#### WHAT THE TASK REQUIRES
Write out the data below exactly, from its first line to the line containing "Mom Help Her", that line included.

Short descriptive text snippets
##############################
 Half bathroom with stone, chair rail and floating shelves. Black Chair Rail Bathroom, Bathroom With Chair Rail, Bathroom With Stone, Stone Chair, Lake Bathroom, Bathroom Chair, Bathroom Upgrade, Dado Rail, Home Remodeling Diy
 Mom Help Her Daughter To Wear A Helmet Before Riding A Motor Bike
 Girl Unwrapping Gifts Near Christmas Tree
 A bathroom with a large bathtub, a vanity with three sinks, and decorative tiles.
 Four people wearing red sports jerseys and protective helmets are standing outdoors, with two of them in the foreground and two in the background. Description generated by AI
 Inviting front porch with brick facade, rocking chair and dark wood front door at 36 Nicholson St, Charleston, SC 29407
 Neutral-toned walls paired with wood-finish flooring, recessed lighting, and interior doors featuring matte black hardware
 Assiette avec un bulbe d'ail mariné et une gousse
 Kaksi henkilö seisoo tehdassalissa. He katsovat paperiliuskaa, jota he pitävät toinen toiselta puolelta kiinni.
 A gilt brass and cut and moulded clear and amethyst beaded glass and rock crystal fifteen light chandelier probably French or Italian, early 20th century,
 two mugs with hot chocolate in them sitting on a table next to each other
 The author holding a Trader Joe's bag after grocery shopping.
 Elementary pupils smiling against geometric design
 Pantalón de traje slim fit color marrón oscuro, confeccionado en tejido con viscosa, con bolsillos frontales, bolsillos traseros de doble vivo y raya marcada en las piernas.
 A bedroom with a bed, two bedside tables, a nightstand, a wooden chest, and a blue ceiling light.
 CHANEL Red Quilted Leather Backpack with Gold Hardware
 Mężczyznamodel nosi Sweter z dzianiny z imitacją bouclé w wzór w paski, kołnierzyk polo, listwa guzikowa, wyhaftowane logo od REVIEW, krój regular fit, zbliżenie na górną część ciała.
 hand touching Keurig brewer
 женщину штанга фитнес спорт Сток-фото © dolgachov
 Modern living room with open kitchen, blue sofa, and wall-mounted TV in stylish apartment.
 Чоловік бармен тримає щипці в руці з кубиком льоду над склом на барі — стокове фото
##############################
#### RESULT FOR THIS TASK
 Half bathroom with stone, chair rail and floating shelves. Black Chair Rail Bathroom, Bathroom With Chair Rail, Bathroom With Stone, Stone Chair, Lake Bathroom, Bathroom Chair, Bathroom Upgrade, Dado Rail, Home Remodeling Diy
 Mom Help Her Daughter To Wear A Helmet Before Riding A Motor Bike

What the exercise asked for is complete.